Exercise: Read the records beneath this task and copy every line that contains the string "Black".

Collected data
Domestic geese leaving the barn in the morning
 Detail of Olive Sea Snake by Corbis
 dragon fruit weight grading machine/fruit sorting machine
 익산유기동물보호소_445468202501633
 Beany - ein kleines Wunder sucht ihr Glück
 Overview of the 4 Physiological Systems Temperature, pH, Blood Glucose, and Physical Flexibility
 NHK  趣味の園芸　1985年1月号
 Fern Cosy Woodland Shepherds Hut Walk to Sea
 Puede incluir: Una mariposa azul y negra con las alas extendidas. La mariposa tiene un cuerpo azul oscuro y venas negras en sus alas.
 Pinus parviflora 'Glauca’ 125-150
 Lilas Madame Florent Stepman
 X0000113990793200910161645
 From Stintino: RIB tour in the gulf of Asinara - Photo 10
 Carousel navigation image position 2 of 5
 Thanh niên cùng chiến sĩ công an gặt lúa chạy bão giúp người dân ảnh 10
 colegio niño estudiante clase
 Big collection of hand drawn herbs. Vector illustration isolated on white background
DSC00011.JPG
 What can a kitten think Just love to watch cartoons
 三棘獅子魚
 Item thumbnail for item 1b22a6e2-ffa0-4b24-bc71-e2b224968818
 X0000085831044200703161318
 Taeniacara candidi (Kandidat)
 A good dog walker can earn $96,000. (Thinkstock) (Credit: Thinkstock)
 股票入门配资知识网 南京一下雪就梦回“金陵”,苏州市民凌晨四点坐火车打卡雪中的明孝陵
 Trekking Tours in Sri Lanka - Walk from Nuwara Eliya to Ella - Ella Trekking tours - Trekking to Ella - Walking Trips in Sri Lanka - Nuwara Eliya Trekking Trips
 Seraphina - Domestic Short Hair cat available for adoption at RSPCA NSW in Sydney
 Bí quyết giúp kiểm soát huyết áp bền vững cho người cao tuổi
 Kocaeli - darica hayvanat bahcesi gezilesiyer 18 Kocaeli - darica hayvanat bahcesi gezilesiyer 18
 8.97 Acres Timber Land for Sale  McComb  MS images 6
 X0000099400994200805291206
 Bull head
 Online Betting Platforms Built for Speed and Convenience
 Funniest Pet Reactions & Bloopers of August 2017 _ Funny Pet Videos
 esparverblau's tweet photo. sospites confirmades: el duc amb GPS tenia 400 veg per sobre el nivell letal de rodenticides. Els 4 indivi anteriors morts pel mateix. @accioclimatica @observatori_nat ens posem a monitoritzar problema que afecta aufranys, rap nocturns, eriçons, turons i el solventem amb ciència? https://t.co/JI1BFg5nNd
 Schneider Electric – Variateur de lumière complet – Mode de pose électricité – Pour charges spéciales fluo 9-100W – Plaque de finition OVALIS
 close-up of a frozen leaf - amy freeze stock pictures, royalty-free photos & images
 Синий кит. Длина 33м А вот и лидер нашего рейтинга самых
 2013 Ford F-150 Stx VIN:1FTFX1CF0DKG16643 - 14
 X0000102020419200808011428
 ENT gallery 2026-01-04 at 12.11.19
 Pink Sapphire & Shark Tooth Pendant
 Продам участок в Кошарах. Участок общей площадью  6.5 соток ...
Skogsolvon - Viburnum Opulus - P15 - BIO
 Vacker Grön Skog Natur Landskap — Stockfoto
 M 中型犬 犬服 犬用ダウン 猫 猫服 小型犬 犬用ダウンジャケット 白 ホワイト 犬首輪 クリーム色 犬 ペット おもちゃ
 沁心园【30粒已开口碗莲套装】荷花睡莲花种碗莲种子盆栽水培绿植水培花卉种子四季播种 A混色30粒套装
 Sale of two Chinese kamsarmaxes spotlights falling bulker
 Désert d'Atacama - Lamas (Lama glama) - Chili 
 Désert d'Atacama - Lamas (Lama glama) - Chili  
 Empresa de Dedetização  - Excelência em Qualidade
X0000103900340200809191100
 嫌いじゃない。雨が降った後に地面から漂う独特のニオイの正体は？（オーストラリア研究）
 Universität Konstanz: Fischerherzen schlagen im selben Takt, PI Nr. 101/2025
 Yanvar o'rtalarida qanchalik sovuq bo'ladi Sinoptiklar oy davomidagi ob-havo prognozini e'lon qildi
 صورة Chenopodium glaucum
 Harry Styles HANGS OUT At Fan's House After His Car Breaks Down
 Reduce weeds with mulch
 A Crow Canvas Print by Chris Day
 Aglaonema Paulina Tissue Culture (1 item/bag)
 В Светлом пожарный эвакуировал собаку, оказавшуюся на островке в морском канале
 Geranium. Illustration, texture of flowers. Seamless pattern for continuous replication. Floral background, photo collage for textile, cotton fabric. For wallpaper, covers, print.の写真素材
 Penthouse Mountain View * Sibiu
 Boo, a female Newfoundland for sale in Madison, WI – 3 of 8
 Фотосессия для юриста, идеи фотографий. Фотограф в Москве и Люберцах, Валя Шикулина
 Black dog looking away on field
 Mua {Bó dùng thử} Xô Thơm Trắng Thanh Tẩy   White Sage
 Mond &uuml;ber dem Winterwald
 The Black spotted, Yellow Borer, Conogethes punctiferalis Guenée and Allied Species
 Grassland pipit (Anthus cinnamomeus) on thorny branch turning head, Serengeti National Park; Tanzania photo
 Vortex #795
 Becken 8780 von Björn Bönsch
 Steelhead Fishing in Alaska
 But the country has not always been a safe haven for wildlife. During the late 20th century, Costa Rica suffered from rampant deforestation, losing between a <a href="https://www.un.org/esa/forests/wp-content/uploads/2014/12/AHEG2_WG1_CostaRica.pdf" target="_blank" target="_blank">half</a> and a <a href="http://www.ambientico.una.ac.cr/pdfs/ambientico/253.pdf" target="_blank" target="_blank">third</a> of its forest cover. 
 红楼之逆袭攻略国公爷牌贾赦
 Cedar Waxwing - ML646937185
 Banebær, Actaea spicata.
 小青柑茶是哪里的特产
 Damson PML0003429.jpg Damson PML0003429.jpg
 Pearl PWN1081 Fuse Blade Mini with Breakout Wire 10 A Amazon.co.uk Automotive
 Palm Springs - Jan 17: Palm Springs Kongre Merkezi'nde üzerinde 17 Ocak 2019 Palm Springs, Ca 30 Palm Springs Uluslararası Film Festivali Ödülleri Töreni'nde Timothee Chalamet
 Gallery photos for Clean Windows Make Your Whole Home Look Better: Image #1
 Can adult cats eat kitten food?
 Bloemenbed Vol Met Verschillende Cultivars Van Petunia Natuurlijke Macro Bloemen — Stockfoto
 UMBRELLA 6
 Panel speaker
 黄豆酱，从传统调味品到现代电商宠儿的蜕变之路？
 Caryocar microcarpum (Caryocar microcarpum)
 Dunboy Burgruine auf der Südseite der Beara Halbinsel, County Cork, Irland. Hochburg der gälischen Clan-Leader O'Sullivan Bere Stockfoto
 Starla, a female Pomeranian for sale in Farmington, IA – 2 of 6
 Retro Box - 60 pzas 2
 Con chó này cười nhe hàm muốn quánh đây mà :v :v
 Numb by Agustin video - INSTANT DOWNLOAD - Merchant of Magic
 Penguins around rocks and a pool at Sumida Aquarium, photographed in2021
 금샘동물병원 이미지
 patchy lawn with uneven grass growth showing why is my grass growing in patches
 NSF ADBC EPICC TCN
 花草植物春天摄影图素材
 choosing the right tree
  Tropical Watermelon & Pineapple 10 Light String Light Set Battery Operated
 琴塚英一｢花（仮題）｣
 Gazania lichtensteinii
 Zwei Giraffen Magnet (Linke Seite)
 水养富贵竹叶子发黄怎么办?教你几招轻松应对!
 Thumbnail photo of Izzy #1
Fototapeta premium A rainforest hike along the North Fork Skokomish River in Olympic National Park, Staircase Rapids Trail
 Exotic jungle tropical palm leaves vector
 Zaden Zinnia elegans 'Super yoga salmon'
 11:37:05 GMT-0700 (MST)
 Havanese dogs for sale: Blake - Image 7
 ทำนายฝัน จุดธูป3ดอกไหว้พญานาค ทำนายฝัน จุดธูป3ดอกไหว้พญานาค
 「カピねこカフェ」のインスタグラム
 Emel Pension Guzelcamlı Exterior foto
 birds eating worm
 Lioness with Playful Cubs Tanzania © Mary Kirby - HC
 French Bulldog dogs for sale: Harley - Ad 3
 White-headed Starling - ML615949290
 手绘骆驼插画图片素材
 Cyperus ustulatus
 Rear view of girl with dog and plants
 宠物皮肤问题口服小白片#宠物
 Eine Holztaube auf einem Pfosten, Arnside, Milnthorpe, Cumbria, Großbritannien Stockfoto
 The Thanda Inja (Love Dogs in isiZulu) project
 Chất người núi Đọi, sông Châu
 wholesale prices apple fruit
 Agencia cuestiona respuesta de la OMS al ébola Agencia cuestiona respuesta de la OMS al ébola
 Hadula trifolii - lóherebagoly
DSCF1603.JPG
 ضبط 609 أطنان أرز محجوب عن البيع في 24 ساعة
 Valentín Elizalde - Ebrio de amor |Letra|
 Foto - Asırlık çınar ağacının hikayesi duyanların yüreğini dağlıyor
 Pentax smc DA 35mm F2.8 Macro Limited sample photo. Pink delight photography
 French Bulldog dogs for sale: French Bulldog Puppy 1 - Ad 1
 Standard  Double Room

Response box:
 Black dog looking away on field
 The Black spotted, Yellow Borer, Conogethes punctiferalis Guenée and Allied Species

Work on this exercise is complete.